▶ Aim of the task:
Please filter the entries for the word "Farmhouse" and copy every line that has it.

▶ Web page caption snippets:
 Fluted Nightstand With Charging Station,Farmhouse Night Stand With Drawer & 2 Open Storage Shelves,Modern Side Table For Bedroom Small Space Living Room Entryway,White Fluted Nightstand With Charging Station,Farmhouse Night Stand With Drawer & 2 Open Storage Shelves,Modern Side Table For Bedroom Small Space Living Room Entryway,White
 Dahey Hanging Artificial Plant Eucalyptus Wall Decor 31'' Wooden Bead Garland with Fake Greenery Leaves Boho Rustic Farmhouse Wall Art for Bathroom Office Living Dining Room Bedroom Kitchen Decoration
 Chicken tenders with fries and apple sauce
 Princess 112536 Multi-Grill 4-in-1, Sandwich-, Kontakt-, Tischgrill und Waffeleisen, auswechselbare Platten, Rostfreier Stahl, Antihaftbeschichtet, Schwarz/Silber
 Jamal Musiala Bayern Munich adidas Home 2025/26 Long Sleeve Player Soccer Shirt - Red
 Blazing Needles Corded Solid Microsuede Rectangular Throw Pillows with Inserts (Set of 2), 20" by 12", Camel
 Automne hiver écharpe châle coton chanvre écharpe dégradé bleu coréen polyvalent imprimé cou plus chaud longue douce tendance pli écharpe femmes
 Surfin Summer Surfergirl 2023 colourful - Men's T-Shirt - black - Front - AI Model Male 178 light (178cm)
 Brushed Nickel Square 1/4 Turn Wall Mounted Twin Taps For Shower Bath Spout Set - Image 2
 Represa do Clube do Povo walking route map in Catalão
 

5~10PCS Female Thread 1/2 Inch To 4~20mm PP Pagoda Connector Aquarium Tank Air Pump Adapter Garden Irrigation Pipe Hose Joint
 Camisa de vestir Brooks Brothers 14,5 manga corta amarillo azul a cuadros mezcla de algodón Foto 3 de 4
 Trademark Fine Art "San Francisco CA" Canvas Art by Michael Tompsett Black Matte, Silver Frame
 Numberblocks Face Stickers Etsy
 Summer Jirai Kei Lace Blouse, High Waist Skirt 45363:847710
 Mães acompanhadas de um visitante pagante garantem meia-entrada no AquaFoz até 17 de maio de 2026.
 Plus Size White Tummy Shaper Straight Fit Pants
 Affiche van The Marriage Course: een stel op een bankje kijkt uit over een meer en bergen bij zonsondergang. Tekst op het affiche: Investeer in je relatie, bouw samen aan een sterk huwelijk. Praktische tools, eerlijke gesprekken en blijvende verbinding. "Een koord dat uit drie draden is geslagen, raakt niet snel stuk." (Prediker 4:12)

▶ Answer to this problem:
 Fluted Nightstand With Charging Station,Farmhouse Night Stand With Drawer & 2 Open Storage Shelves,Modern Side Table For Bedroom Small Space Living Room Entryway,White Fluted Nightstand With Charging Station,Farmhouse Night Stand With Drawer & 2 Open Storage Shelves,Modern Side Table For Bedroom Small Space Living Room Entryway,White
 Dahey Hanging Artificial Plant Eucalyptus Wall Decor 31'' Wooden Bead Garland with Fake Greenery Leaves Boho Rustic Farmhouse Wall Art for Bathroom Office Living Dining Room Bedroom Kitchen Decoration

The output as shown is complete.